The Israelis who were responsible for the death of Ali Saad Dawabsha and attack on the family must be brought to justice and face the fullest might of the law. In addition, the Israeli government must be held accountable for the impunity that is provided to Israeli settlers who carry out these gruesome attacks on the Palestinian people.

We must hold both the Israeli settlers and Israeli government accountable for its crimes against the Palestinian people through all legal means available including taking Israel to the International Criminal Court and through isolation methods similar to how Apartheid South Africa was held accountable in the 1980s for its attacks on the South African people.
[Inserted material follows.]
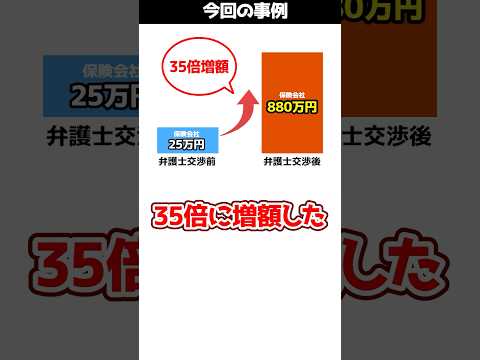 交通事故で保険金が25万円→800万円に増額！？アトム法律事務所で実際に扱ったケースとは！#shorts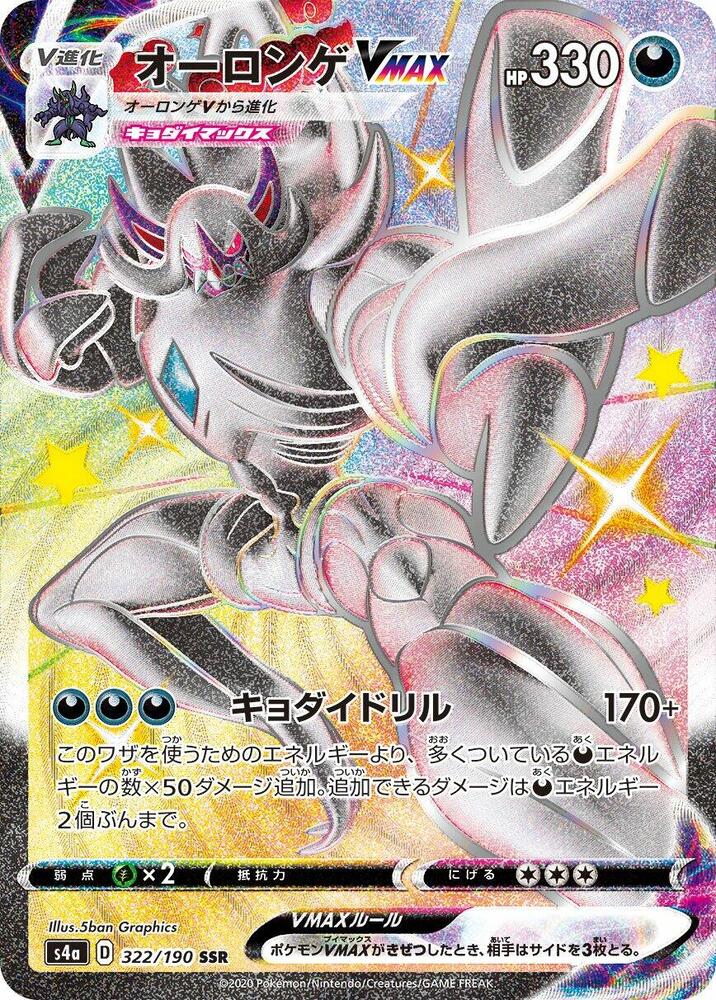 Grimmsnarl VMAX Holo - S4a 322/190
An Israeli police officer inspects a house that was badly damaged from a suspected attack by Jewish extremists on two houses at Kafr Duma village near the West Bank city of Nablus July 31, 2015. REUTERS/Abed Omar Qusini

An Israeli police officer inspects a house that was badly damaged from a suspected attack by Jewish extremists on two houses at Kafr Duma village near the West Bank city of Nablus July 31, 2015. REUTERS/Abed Omar Qusini

Not only the people from Nablus and the surrounding villages suffer. Children, women and men – all of them civilians – are routinely injured and killed in the West Bank, Gaza and in East Jerusalem. The United Nations statistics say it all.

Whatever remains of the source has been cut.